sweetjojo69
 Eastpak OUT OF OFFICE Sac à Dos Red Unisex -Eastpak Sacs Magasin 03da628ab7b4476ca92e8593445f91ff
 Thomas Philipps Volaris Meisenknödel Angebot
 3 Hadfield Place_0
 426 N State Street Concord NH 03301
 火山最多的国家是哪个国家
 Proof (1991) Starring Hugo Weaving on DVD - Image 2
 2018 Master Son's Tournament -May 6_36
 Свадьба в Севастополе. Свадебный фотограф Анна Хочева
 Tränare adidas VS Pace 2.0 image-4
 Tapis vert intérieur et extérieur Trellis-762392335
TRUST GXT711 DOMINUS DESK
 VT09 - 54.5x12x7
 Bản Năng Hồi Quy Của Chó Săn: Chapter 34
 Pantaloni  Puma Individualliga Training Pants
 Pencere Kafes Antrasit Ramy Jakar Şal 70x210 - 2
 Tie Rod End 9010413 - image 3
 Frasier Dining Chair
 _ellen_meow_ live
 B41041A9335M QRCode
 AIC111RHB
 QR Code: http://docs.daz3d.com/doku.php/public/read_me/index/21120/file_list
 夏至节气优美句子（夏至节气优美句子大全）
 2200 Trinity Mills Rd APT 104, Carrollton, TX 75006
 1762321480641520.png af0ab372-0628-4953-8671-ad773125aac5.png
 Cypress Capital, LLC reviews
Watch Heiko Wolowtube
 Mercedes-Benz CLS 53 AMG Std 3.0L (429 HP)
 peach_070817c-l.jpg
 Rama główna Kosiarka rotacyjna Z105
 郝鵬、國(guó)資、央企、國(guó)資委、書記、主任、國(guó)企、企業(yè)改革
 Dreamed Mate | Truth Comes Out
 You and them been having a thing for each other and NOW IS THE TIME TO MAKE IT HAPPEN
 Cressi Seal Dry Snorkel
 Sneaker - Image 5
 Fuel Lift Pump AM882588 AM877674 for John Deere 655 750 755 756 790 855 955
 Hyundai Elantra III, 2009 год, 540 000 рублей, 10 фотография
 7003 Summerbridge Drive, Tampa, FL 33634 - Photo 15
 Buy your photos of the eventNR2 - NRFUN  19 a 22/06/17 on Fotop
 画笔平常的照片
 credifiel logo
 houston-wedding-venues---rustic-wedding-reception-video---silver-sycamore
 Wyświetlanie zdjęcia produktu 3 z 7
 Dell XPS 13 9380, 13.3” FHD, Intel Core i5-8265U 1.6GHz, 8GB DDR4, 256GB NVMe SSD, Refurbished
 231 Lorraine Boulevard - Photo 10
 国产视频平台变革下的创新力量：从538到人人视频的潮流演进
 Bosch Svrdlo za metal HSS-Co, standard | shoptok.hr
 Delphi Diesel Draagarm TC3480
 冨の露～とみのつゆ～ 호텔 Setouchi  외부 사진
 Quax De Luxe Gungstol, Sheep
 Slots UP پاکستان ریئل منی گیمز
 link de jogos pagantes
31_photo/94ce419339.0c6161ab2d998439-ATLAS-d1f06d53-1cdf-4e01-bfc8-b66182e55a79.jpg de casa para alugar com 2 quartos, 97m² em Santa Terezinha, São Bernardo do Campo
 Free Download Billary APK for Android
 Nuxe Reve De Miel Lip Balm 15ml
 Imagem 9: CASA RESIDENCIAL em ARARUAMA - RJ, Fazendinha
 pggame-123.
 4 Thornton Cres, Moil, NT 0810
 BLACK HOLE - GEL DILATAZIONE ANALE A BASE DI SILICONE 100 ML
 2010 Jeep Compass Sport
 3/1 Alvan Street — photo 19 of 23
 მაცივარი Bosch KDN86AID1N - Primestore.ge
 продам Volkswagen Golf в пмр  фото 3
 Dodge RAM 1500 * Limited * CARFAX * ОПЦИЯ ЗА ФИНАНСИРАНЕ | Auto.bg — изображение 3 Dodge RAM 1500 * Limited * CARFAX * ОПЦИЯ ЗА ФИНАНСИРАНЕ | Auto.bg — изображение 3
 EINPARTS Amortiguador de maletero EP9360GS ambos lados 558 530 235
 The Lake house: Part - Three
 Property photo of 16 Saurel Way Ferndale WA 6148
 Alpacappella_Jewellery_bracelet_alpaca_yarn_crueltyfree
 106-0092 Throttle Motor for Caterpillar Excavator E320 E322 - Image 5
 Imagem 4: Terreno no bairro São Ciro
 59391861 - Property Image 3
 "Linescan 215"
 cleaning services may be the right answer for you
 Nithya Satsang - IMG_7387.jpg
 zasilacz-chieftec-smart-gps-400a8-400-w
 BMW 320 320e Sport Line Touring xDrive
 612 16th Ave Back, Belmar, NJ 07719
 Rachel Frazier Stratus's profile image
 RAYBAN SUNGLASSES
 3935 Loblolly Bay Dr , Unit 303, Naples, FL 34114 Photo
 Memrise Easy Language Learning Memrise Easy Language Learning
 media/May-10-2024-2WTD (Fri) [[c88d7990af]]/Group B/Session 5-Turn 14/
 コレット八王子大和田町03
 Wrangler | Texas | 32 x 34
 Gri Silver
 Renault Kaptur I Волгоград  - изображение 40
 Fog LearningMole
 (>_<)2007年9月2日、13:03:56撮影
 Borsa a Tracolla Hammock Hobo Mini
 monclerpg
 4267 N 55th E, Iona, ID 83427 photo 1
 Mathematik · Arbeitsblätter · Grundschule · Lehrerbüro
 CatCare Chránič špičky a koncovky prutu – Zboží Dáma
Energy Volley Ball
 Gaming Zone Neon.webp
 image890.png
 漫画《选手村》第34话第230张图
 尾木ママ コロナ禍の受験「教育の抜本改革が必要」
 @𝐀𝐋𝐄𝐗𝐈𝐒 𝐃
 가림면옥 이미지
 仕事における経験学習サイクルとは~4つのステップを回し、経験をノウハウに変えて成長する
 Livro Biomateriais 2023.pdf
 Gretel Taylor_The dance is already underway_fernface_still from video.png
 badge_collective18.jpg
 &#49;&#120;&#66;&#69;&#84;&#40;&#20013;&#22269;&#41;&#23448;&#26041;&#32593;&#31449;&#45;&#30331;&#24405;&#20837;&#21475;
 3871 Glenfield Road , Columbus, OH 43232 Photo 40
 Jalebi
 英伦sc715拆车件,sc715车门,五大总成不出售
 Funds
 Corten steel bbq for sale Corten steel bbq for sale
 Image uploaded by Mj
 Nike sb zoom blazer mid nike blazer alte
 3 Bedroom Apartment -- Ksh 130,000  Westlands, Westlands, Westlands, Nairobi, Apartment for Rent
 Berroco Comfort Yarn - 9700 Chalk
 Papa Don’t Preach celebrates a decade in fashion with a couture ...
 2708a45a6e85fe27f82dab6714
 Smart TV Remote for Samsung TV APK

**To do**
Pick out each line above that includes "Street" and show it.

**Answer for this exercise**
 426 N State Street Concord NH 03301
 3/1 Alvan Street — photo 19 of 23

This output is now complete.